ContentsFor as much as I love to complain about recipe websites that tell a story first, I sure do follow in their footsteps, and tell a story before giving you the gameplay notes. Jump to the Reconciliation section if you want to skip my idle musings and get to the part where I talk about how to actually have fun in the video game.
Preämble
First of all, GOTY. Let’s just get that out of the way. I’ve been a huge Skyrim fan since the day of its release (see my fanfiction library), in no small part due to its (a) large open-world explorable map and (b) wealth of characters with whom to interact and about whom to care.

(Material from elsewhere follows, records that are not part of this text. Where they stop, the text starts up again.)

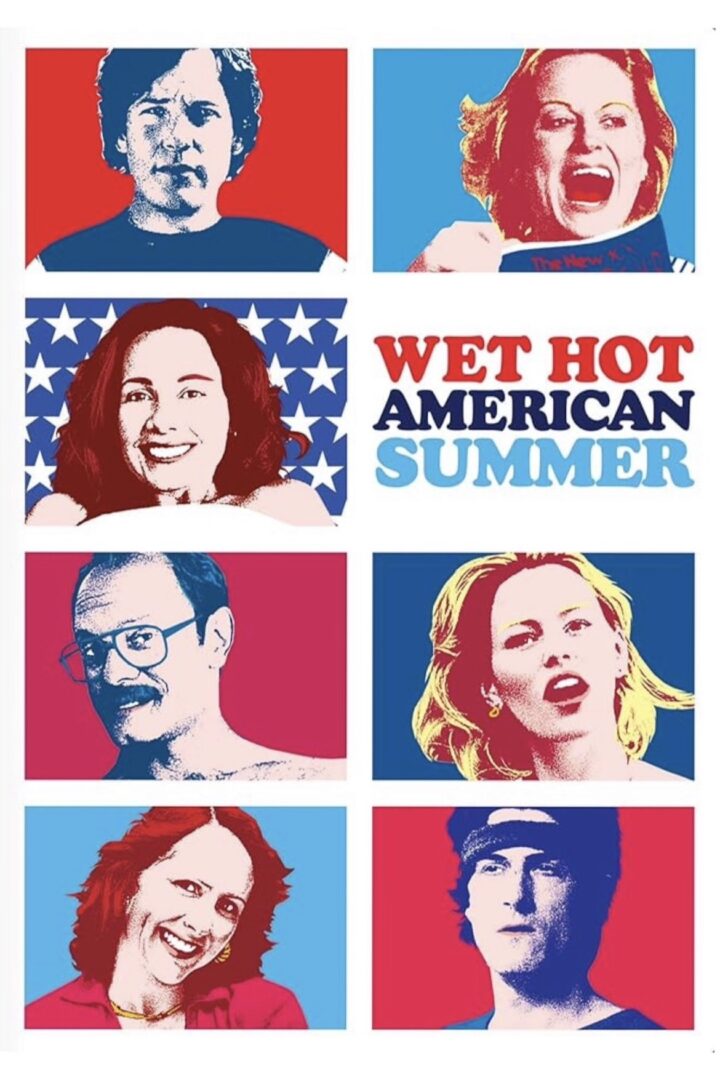 دانلود فیلم Wet Hot American Summer 2001 بدون سانسور با پخش آنلاین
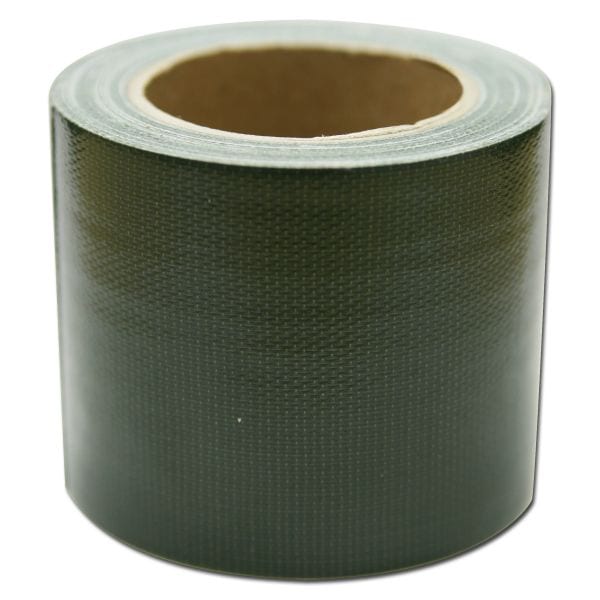 Nastro adesivo super resistente 50 mm oliva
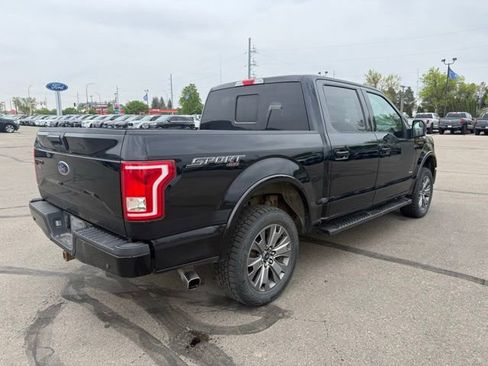Used 2016 Ford F150 XLT w/ Equipment Group 302A Luxury AWD/4WD image 10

Baldur’s Gate, and with all my apologies to the Bethesda staff I’ve somehow been lucky enough to personally befriend, blows it out of the water. It’s got a character creator that doesn’t enforce women as twigs. It’s got a rich collection of NPCs out with whom to hang1. The ruleset is a clever adaptation of Dungeons and Dragons, 5th Edition™️. It’s a fun game and I expect to burn a lot of my spare time on it for years to come.

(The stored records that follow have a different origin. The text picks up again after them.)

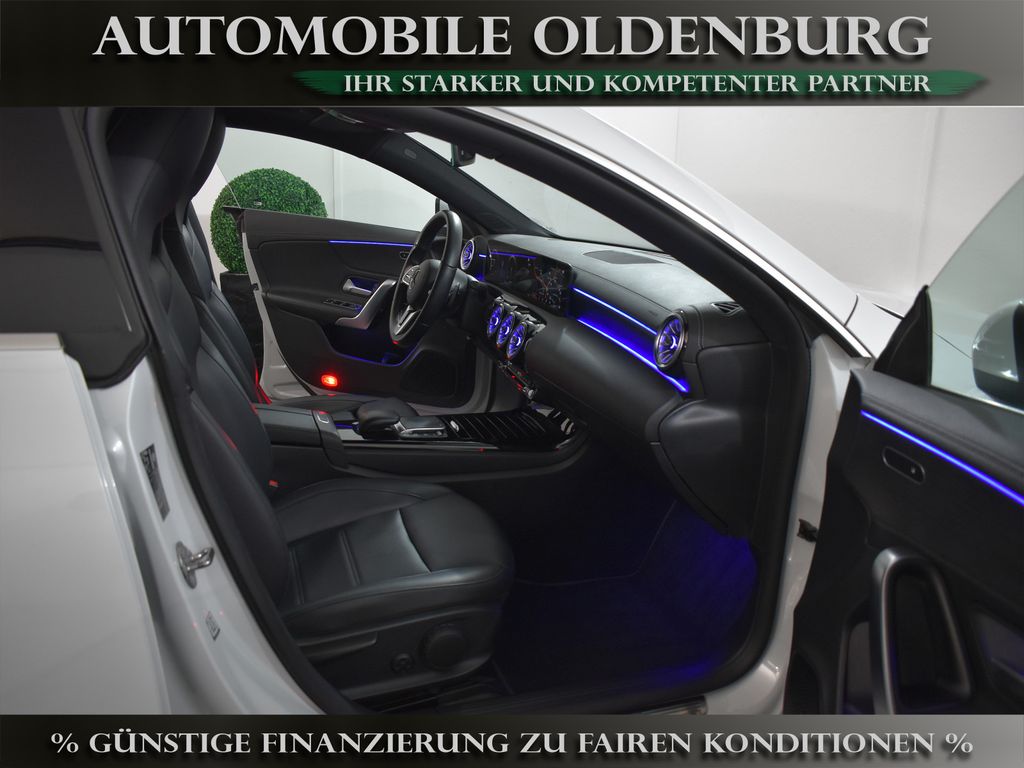 Mercedes-Benz CLA 250 2021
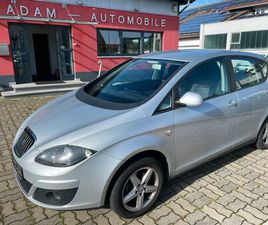 SEAT ALTEA 1,2TSI+GARANTIE+KLIMA+ALU+KETTE NEU+TÜV 9-2026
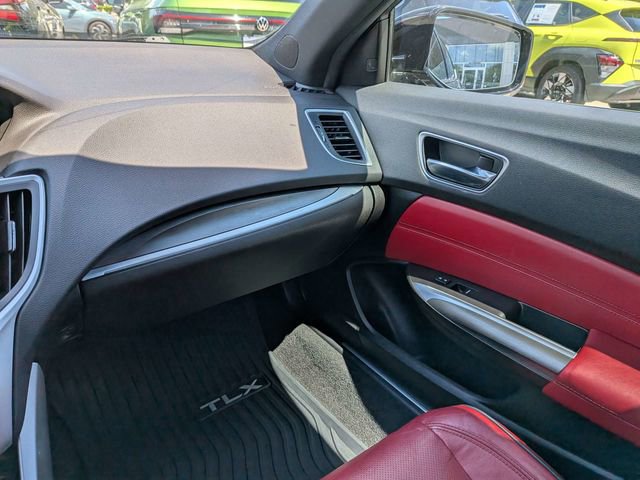 Used 2019 Acura TLX w/ Technology & A-SPEC Pkg FWD image 16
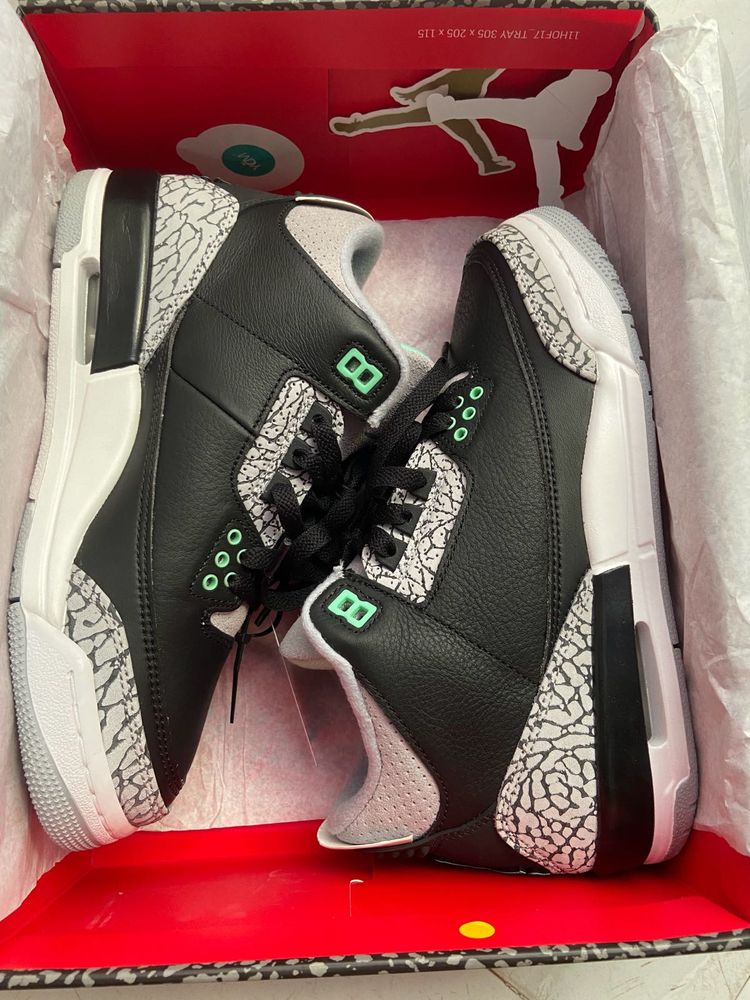 OFFER ALERT ‼️ NIKE AIR JORDAN 3 RETRO (GS)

The setting of Faerûn incorporates a handful of hell myths (though interestingly not any heavens, in the paradisical sense), including demons and devils. It also has the classic DnD “morality/legality chart”, and BG3 tries to run with that. I don’t think they do a very intricate or faithful job, but I respect the effort. Their approach to the concept of morality is primarily that each recruitable NPC has a list of actions they like or dislike, and if they see you do those actions, their opinion of you changes accordingly.
Lae’zel likes it when you are rude and exploitative (Lawful Evil). Astarion prefers you to be selfish (Chaotic Neutral/Evil). Wyll and Karlach want you to be a knight in shining armor (Lawful and Chaotic Good, respectively). Gale just wants you to be nice but doesn’t mind rulebreaking (Neutral Good), and Shadowheart wants you to … be nice to people with whom she identifies and ignore people with whom she doesn’t, and sometimes to hurt yourself in ways she thinks are funny (Chaotic Neutral?).

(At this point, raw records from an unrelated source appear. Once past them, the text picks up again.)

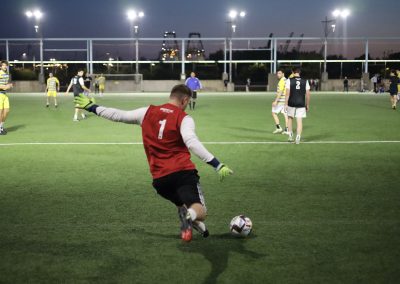 9v9 soccer league Brooklyn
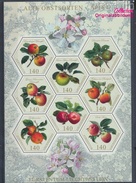 Liechtenstein 1765-1772 Kleinbogen (kompl.Ausg.) Postfrisch 2015 Äpfel (8910480 - Unused Stamps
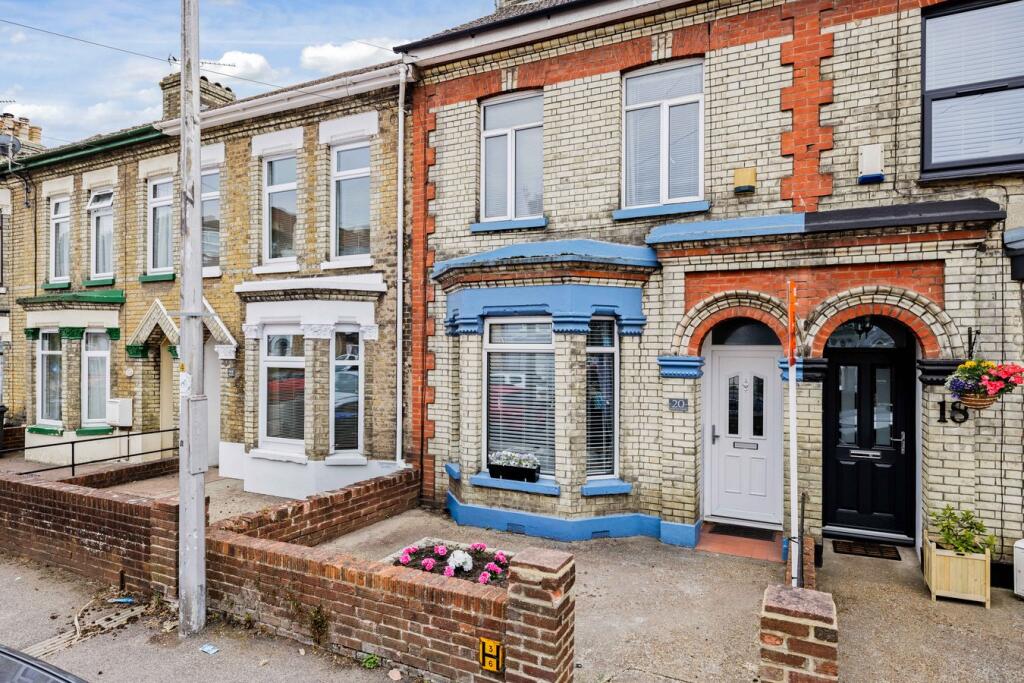 Main image of property: Buckland Avenue, Dover, CT16
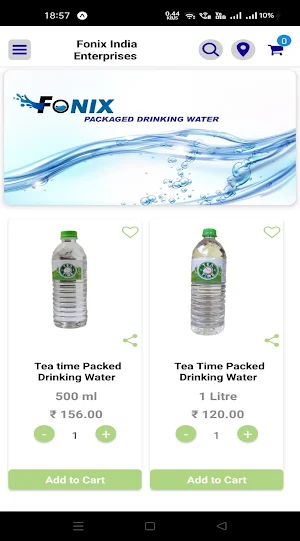 Fonix India Screenshot 0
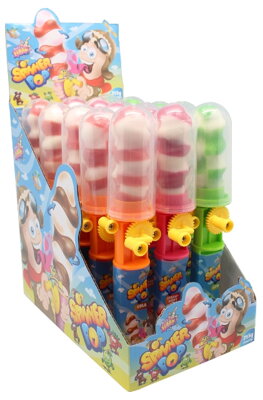 SPINER POP 12g točiaca lízanka (Balenie:15ks 1ks od 0,75eur)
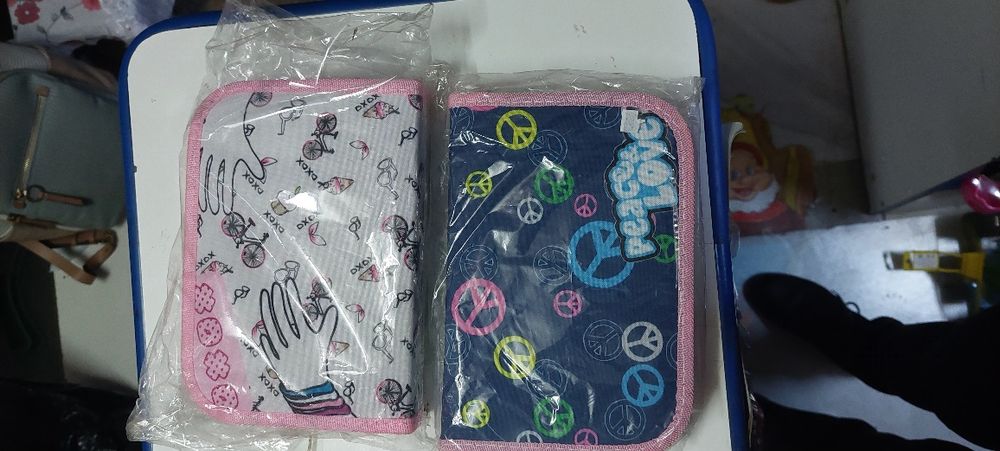 Penare echipate fetite 2 bucati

All of these companions can be satisfied through some variation of a broadly morally-okay playthrough. Sometimes you’re a Boy Scout, sometimes you’re a real jackass, but as long as you’re not a monster you can generally keep them all somewhere between tolerant and besotted.
Setup
But I’m not here to talk about that. I’m here to talk about The First Big Moral Choice. Because there are a couple companion candidates I haven’t mentioned yet, specifically, one of the only Absolute-ly2 exclusive options in the whole game, as far as I know:
Minthara.
When you first meet Minthara, she’s in the Goblin Camp, drawing up plans to go find and burn the Emerald Grove. You’ve almost certainly come here from said grove, where you were beseeched by some refugee Tieflings to keep them safe by preventing the imminent goblin attack, “by any means necessary”.
It’s a combat game in a war story. You’re not here to preach pacifism. You’re going to do a minor genocide; that’s unavoidable.
But if you talk to her before you find the Colville Screw3, you get to contemplate a new question: which genocide are you going to do? You came here primed to cause a localized extinction event on the goblin camp, but Minthara invites you to turn cloak and go slaughter everyone in the grove.
The grove is populated by Tiefling refugees. Civilians. Families. Children. You’ve met them. You’ve probably saved several of their lives already. They’ve trusted you to ensure their safety and help them run to the city.
But there’s a worm in your head. You don’t have to be a hero. You probably even shouldn’t be. You should be working for the Absolute. Shouldn’t you?
The game has tried to give you several Morality Questions by now. A warlock has asked you to help him kill a horrible vicious devil, who turns out to be an injured teddy bear. Said devil asks you to kill some fantasy-cops, who turn out to be evil gangsters4. Maybe you debated trading an unborn child for supernatural power. All of these choices have some consequence to how the story unfolds, but not, like, a lot. Sparing Karlach doesn’t discard Wyll, he just gets a different path than he expected. Going either way with Ethel doesn’t do anything yet. Obviously, Karlach is gone for good if you send her back to Australia Avernus.
If you stay the course, Halsin demands that you kill Minthara. If you join her, she demands that you kill Halsin, the druids, and the Tieflings. And she makes you do it. You have to go to the grove, tell Zevlor that you’re betraying them all, and then Minthara stops the goblin invasion once she’s through the gate and makes. you. go. put. everyone. to. the. sword.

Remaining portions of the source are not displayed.